Model	Dataset	Input Size	Task	Performance
Jet	LHC Jet	(16,)	Classification	74.90%
Anomaly	ToyADMOS	(320,)	Detection	0.70 (AUC)
KWS	Speech Commands	(32, 32, 1)	Classification	59.33%
VWW	Visual Wake Words	(49, 10, 1)	Classification	70.14%

Results

Figures 5 and 6 illustrate resource utilization and latency respectively, across different models and synthesis configurations. Notably, SNL demonstrated superior latency performance in three out of the four architectures tested, while often incurring higher resource usage compared to hls4ml.
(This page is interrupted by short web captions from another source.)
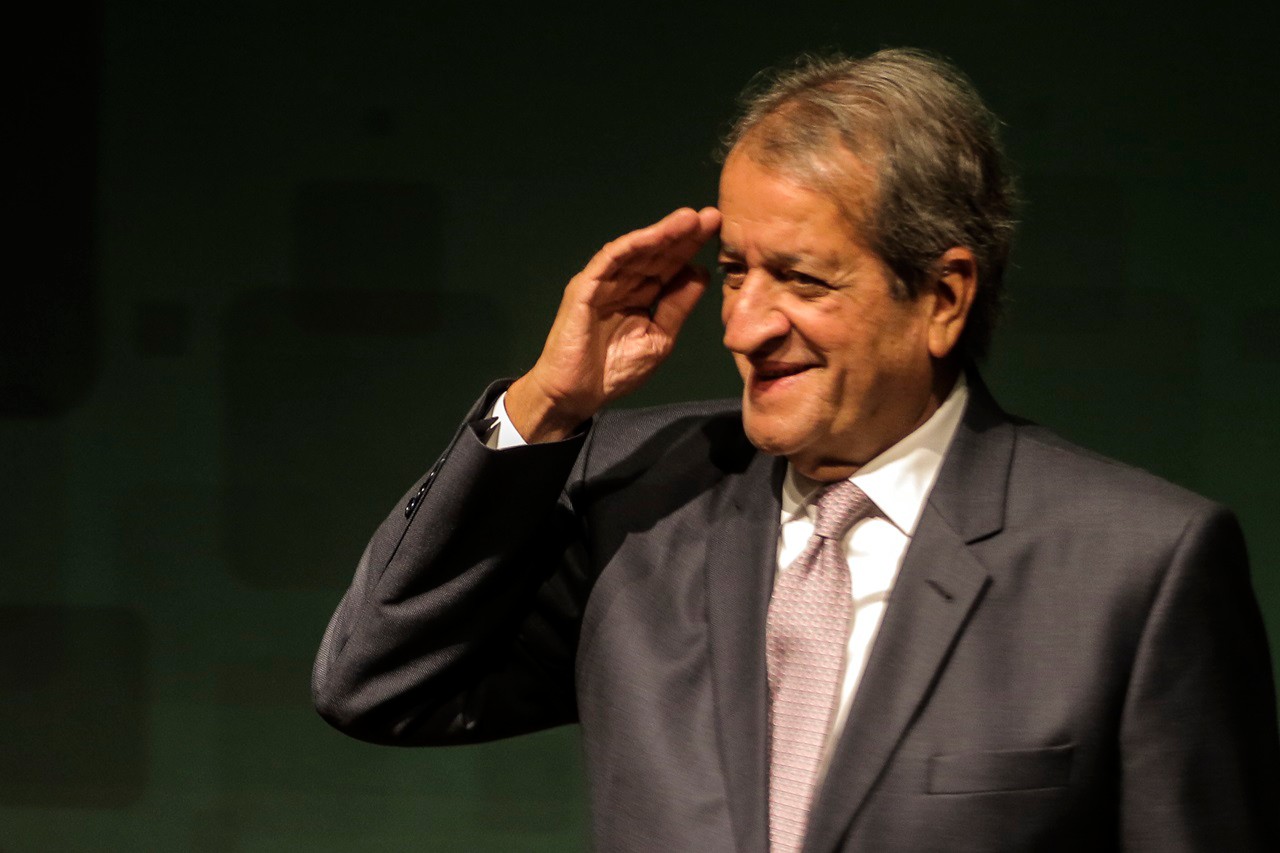 O presidente nacional do Partido Liberal (PL), Valdemar Costa Neto, fala com a imprensa no Centro de Eventos e Convenções Brasil 21, em Brasília.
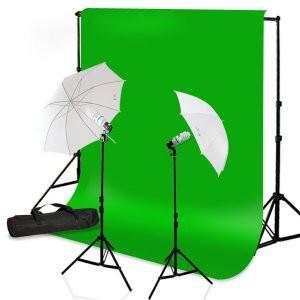 Paket Background Green Screen Dan Lighting Continuous Lighting Green Screen
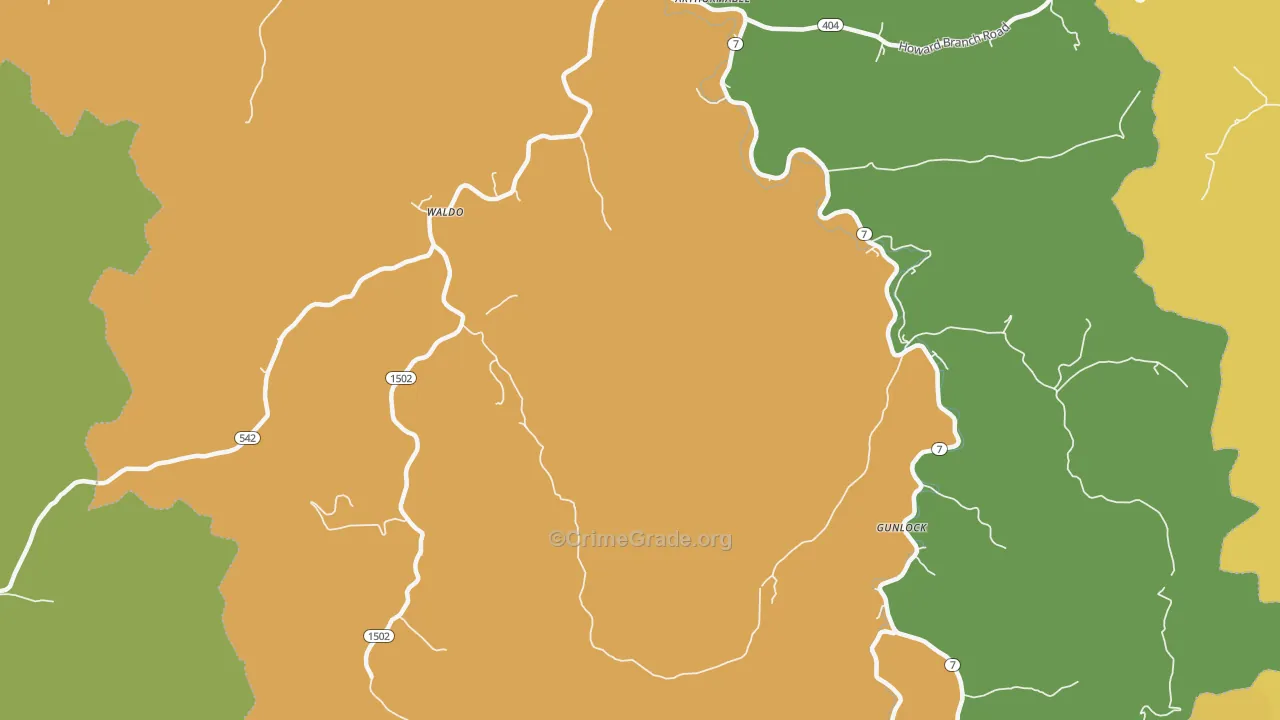 Waldo, KY Map of Burglary Rates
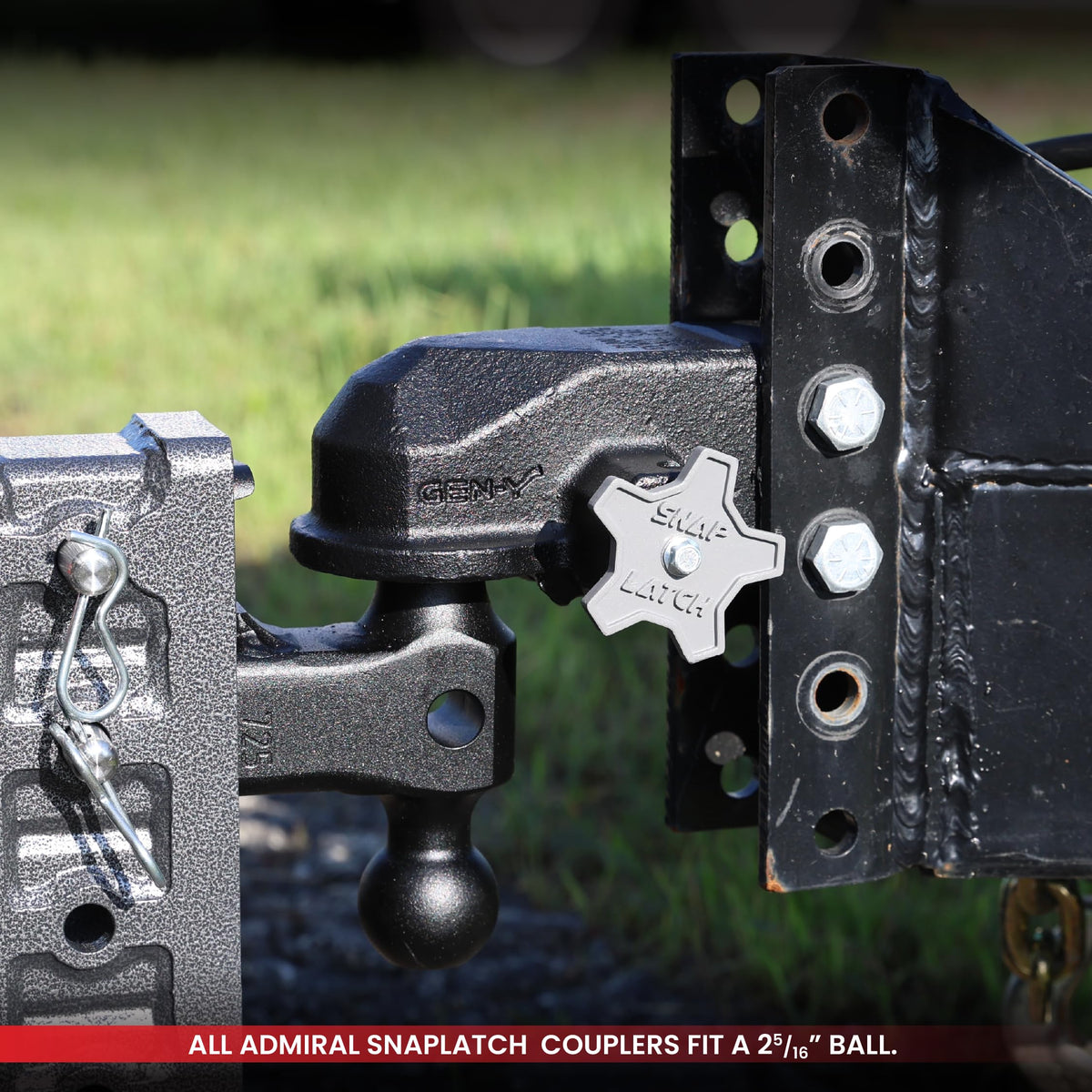 GEN-Y HITCH GH-24002 GEN-Y Hitch Flat Plate Mount Trailer Coupler with SnapLatch for 2 5/16" Ball, 32,000 lbs Towing Capacity, 3,200 lbs Tongue Weight, Made in USA, Black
These findings indicate that while SNL prioritizes fast inference, hls4ml provides better resource efficiency under constrained settings.

Figure 5: Resource utilization across models and different synthesis parameters, comparing SNL (bars with shading) and hls4ml.

Figure 6: Absolute latency across models and different synthesis parameters, comparing SNL (bars with shading) and hls4ml.

Discussion

The benchmarking highlights SNL's strength in achieving low-latency inference, essential for high-rate experimental environments. However, the trade-off in resource utilization suggests avenues for future optimization. By contrast, hls4ml offers flexibility via synthesis parameters, allowing for more adaptable trade-offs between resource usage and latency.

Conclusion

The integration of SNL, Auto-SNL, and SLAC's Rogue software provides a robust framework for FPGAs in high-speed scientific applications. While SNL excels in latency performance, future work should focus on enhancing its resource efficiency. Continued development of Auto-SNL will further democratize FPGA deployment by simplifying model translation and allowing for seamless adaptation to new hardware platforms and evolving ML frameworks.